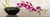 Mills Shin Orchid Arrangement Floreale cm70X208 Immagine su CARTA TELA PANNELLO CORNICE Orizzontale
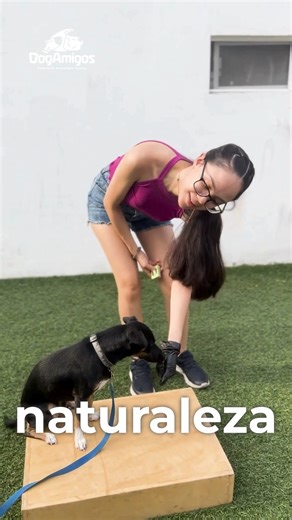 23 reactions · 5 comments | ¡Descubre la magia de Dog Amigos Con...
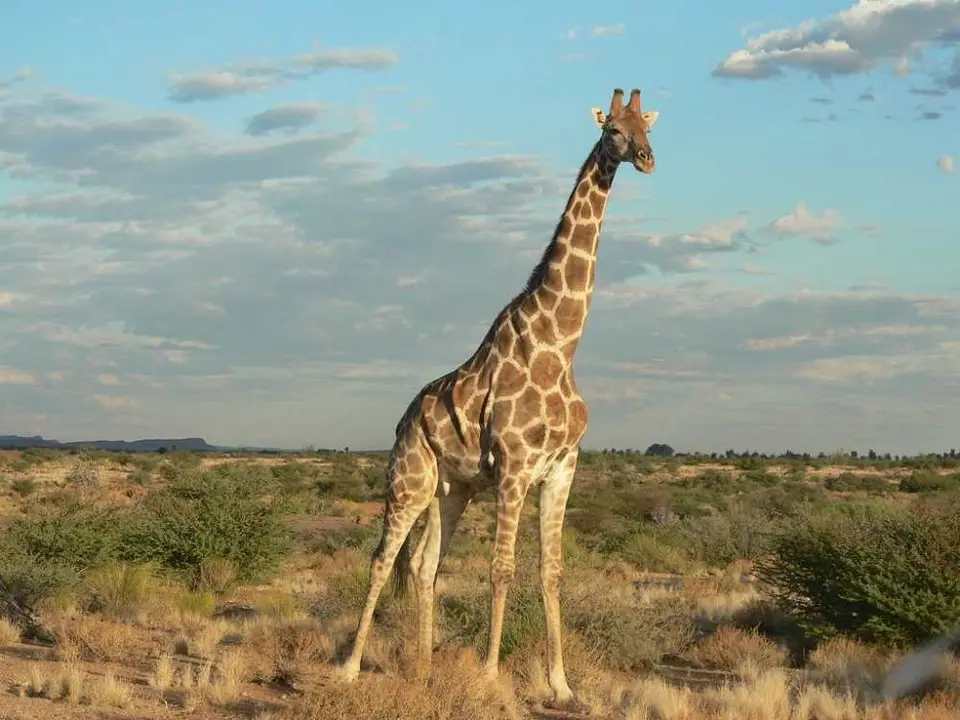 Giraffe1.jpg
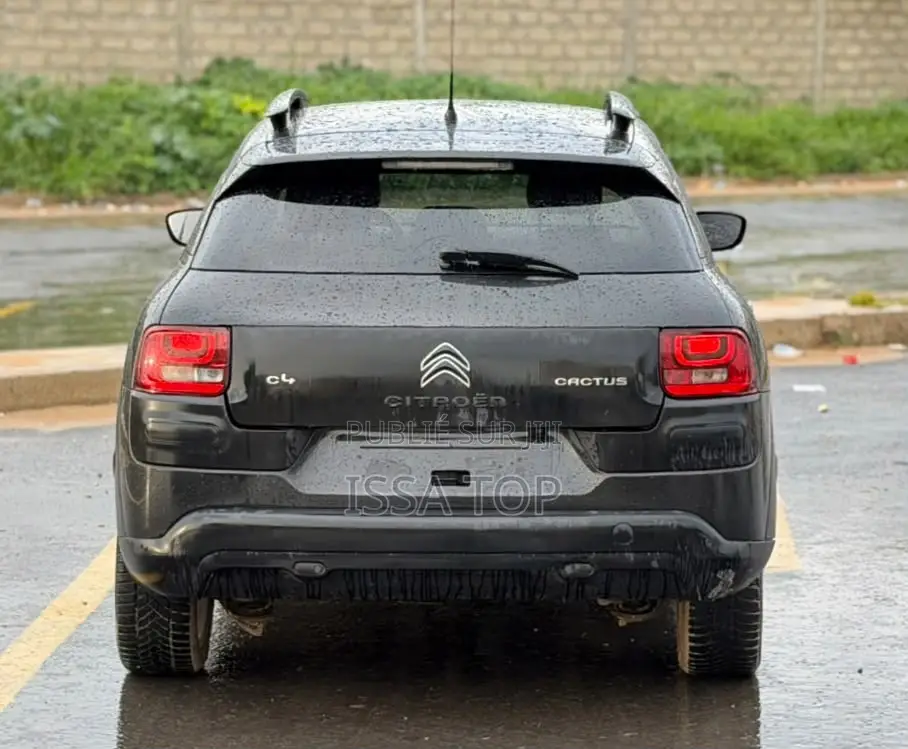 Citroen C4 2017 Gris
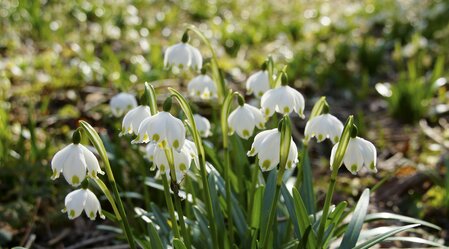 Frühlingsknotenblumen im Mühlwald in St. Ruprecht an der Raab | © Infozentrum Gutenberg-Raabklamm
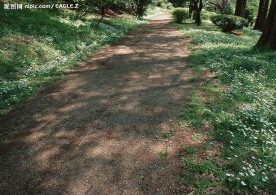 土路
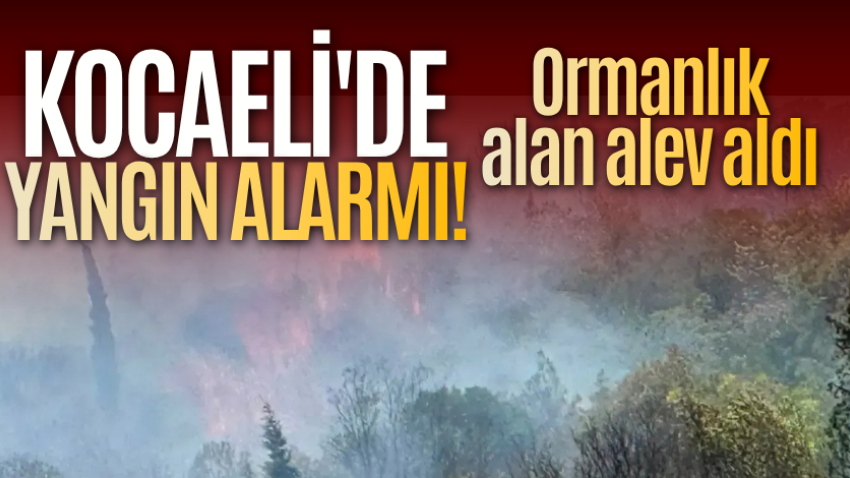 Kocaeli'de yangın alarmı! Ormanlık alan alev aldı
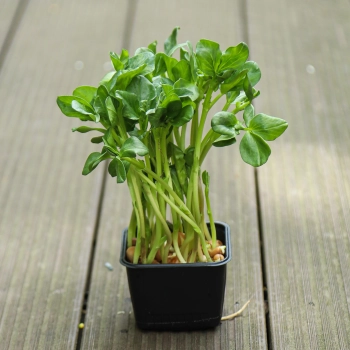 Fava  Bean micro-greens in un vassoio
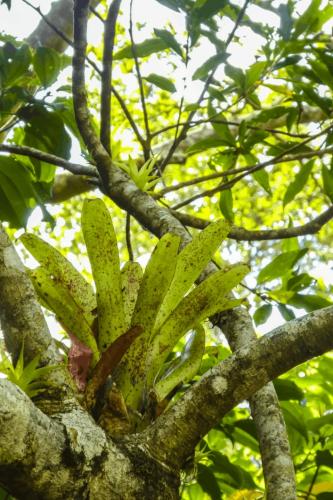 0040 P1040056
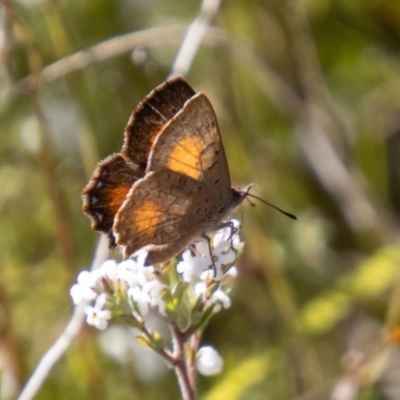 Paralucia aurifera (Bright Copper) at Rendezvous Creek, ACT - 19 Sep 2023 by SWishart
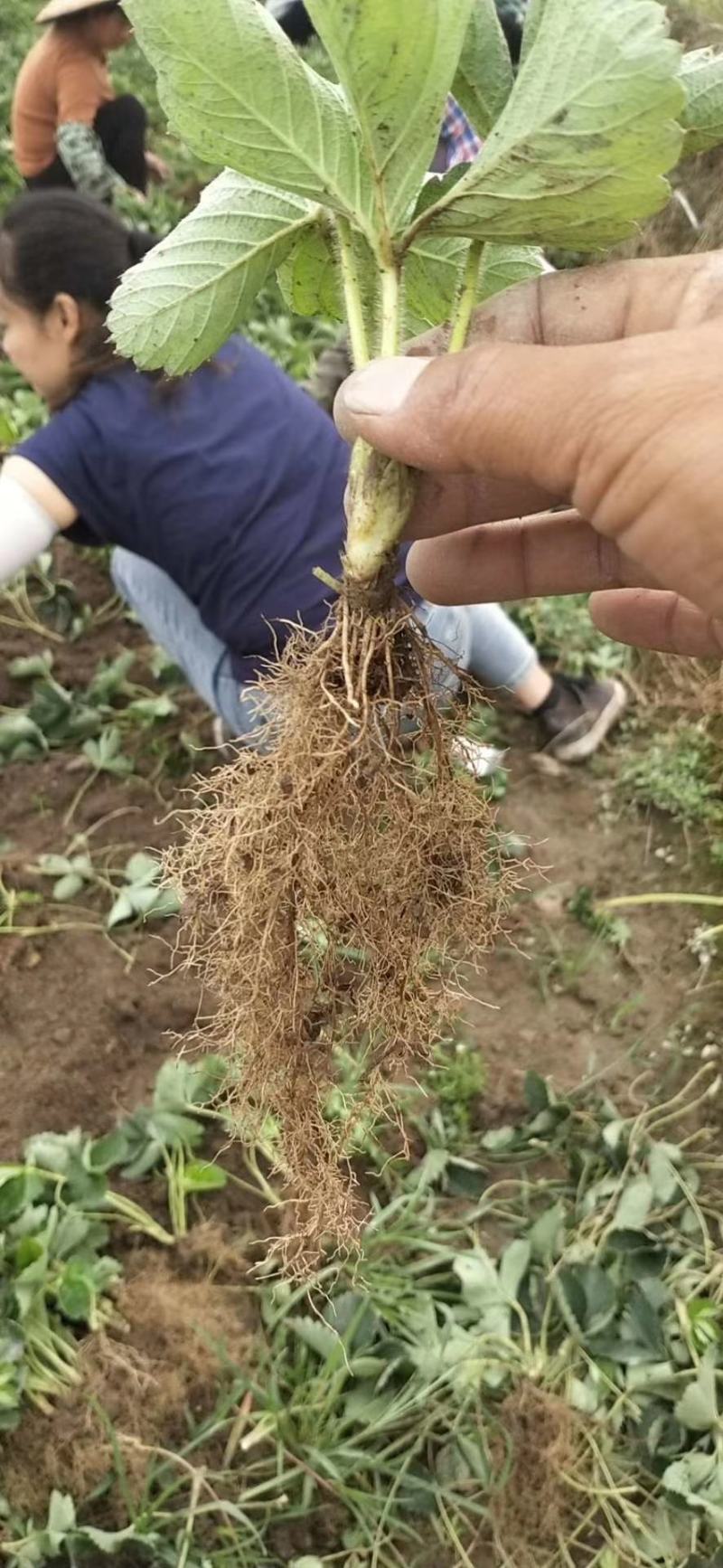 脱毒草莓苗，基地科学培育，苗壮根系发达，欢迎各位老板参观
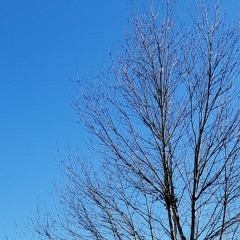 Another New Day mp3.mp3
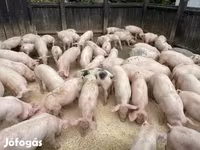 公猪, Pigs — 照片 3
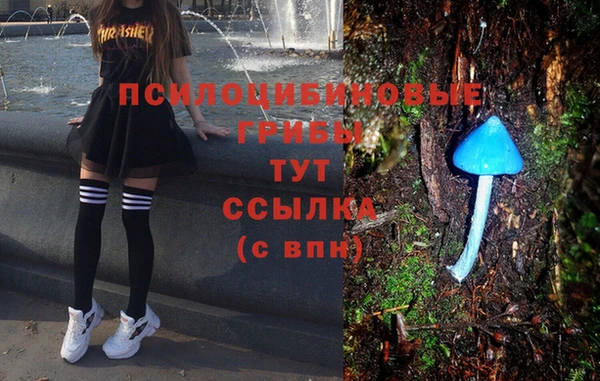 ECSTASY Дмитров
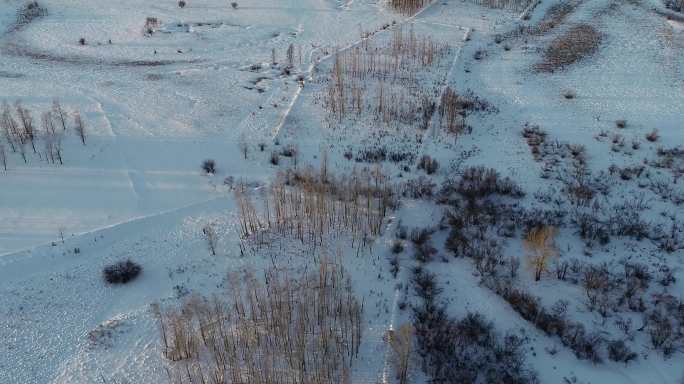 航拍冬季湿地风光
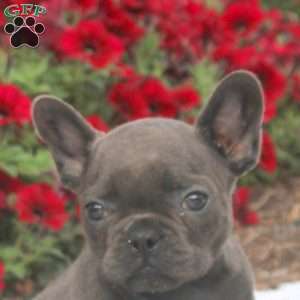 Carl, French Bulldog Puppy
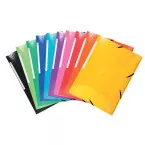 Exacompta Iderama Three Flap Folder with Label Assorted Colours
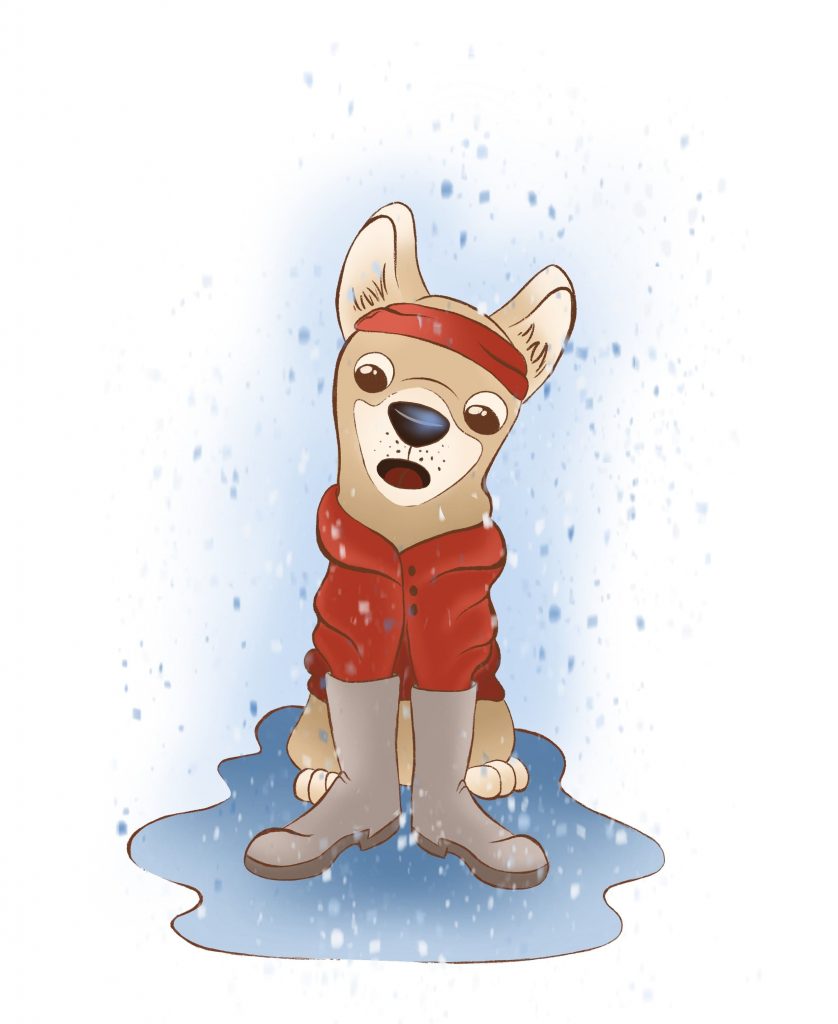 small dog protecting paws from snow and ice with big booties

————

Set down all of the material word for word, but keep each picture out.

* **Answer**
 Mills Shin Orchid Arrangement Floreale cm70X208 Immagine su CARTA TELA PANNELLO CORNICE Orizzontale
 23 reactions · 5 comments | ¡Descubre la magia de Dog Amigos Con...
 Giraffe1.jpg
 Citroen C4 2017 Gris
 Frühlingsknotenblumen im Mühlwald in St. Ruprecht an der Raab | © Infozentrum Gutenberg-Raabklamm
 土路
 Kocaeli'de yangın alarmı! Ormanlık alan alev aldı
 Fava  Bean micro-greens in un vassoio
 0040 P1040056
 Paralucia aurifera (Bright Copper) at Rendezvous Creek, ACT - 19 Sep 2023 by SWishart
 脱毒草莓苗，基地科学培育，苗壮根系发达，欢迎各位老板参观
 Another New Day mp3.mp3
 公猪, Pigs — 照片 3
 ECSTASY Дмитров
 航拍冬季湿地风光
 Carl, French Bulldog Puppy
 Exacompta Iderama Three Flap Folder with Label Assorted Colours
 small dog protecting paws from snow and ice with big booties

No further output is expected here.